Politica in ritardo, resta il decreto

Il commento. Caro bollette: i partiti all’assalto del governo. Questa la (non) notizia del giorno. «Decreto legge, decreto legge» invocano all’unisono tutte le forze politiche, pressando il presidente del Consiglio, affinché predisponga un provvedimento che tutte si dichiarano pronte ad approvare in Parlamento.

Chissà perché i partiti (soprattutto quelli che hanno disarcionato Draghi) si sono svegliati soltanto da poco. Eppure, non ci voleva un genio per capire – già il 24 febbraio scorso – che la crisi sarebbe arrivata inevitabilmente. All’aggressione russa, l’Unione europea ha risposto con aiuti militari all’Ucraina e con sanzioni economiche alla Russia. Le ritorsioni di Putin erano non soltanto prevedibili, ma scontate. Occorreva trovare per tempo i rimedi. Il governo Draghi si era mosso con solerzia, sia sul piano degli aiuti, sia su quello della ricerca di fonti alternative, per non soccombere alla dipendenza dalla Russia, ma la crisi di governo ha rallentato ogni programma di contrasto al pazzesco aumento del costo dell’energia.

Il dibattito di questi giorni sembra alimentato prevalentemente dallo scopo di aumentare il consenso e raccogliere voti alle elezioni del 25 settembre. La febbre del decreto ha portato i partiti a decidere di vedersi tutti insieme, affinché il governo intervenga. A questo punto, si possono ipotizzare due scenari. Il governo ritiene di non poter operare, oppure decide di intervenire nonostante non sia nella pienezza dei poteri. La statura politica, il senso dello Stato, la competenza di Draghi portano a credere che egli scelga di intervenire, pur essendo il governo chiamato, per norma, soltanto all’ordinaria amministrazione. I presupposti previsti dalla Costituzione per emanare un decreto legge esistono (necessità e urgenza). Si tratta di operare, partendo da questo assunto. Per cominciare - con la consueta dimostrazione di serietà e rigore - il presidente del Consiglio ha fatto sapere che esso potrà fare scelte mirate e applicabili soltanto quando arriveranno (a breve) i conti consuntivi di agosto.

Dietro il palcoscenico della politica e al servizio delle scelte di governo ci sono gli apparati burocratici.

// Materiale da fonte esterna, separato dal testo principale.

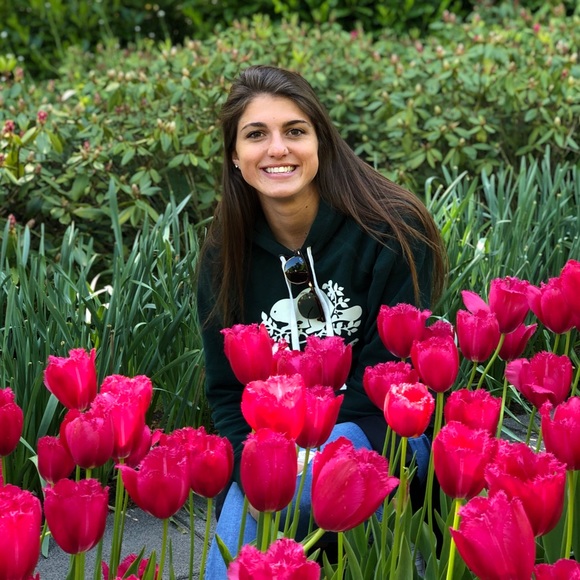 Meet your Posher, Juliette - Picture 2 of 3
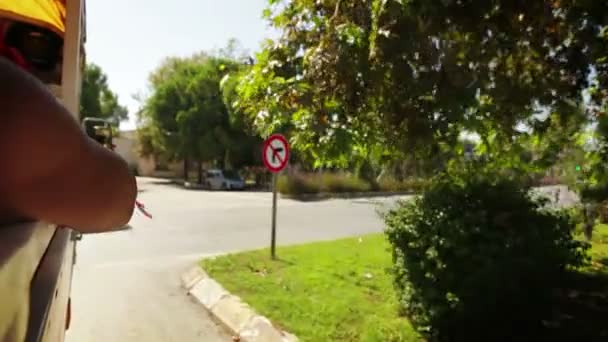 Conducción de autobús en el camino de la calle — Vídeo de stock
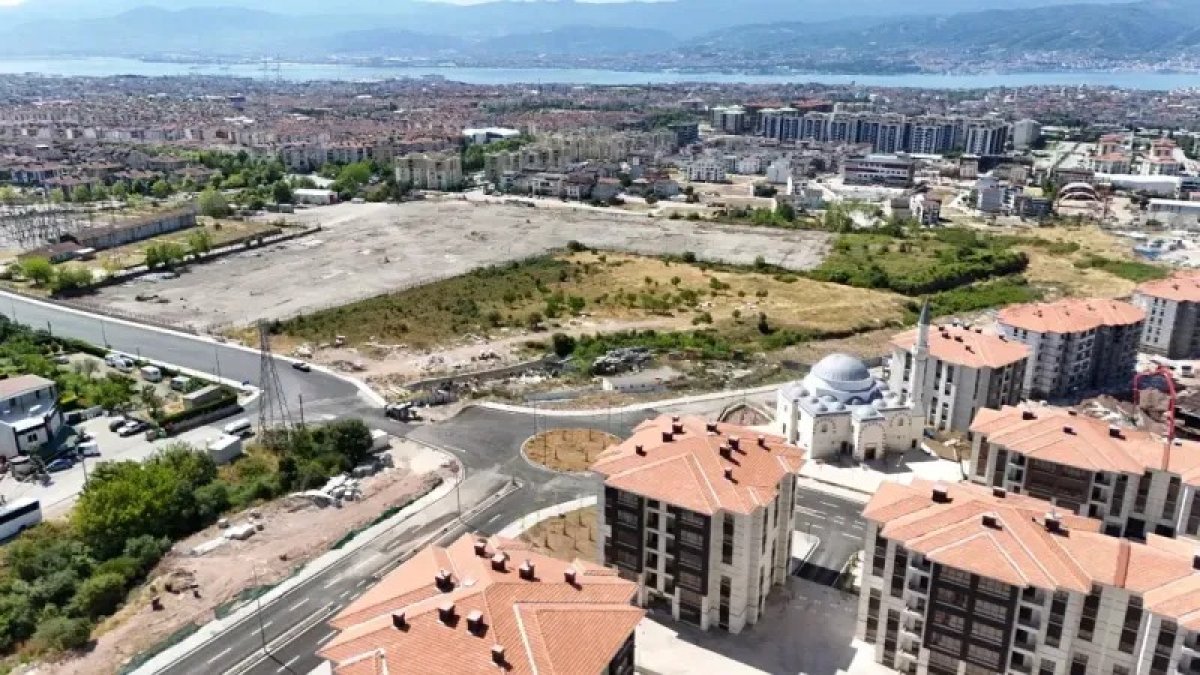 Körfez Güney Mahallesi'nden kentsel dönüşüm tepkisi: “Bize neden ayrımcılık yapılıyor?”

L’importanza di questo elemento sfugge quasi sempre, essendo l’attenzione pubblica rivolta quasi esclusivamente alle decisioni di Parlamento e governo. I tempi stringono, le richieste dell’opinione pubblica e delle imprese si fanno sempre più pressanti. In queste condizioni tocca ai «tecnici» individuare e proporre soluzioni adeguate e percorribili. Il sistema pubblico ha, sul terreno della spesa e degli introiti, alcune antiche roccaforti. Il perno principale è la Ragioneria generale dello Stato, instituita nel 1869 presso l’allora ministero delle Finanze. Fondamentale anche il ruolo della Agenzie fiscali, nonché degli uffici di bilancio presso i ministeri.

Questo articolato stuolo di tecnici della finanza pubblica - normalmente impegnato in un compito di non facile svolgimento - è, nelle contingenze attuali, alle prese con una serie di variabili di diversa natura. Ad iniziare da un problema politico del quale deve tener conto: ci sarà o meno uno «scostamento di bilancio» (che implica un aumento del deficit pubblico)? Naturalmente, vale anche il problema reciproco. Gli esperti ministeriali possono far presente al presidente del Consiglio se sia il caso o meno di procedere in tal senso. Si incrociano, dunque fattori complessi quali l’obbligo dei funzionari pubblici di assecondare l’indirizzo politico e, nel contempo l’esigenza di operare senza pressioni indebite da parte sia della politica, sia degli interessi di «poteri forti» del mondo privato. L’auspicato decreto - sul quale convergono le esigenze dei partiti, le necessità dei cittadini, l’obbligo di far quadrare i conti - dovrebbe riuscire ad essere una sintesi equa ed utile per il Paese. A molti, quale che sia la soluzione, non piacerà. Ma, come sempre, il possibile non coincide con l’ottimo.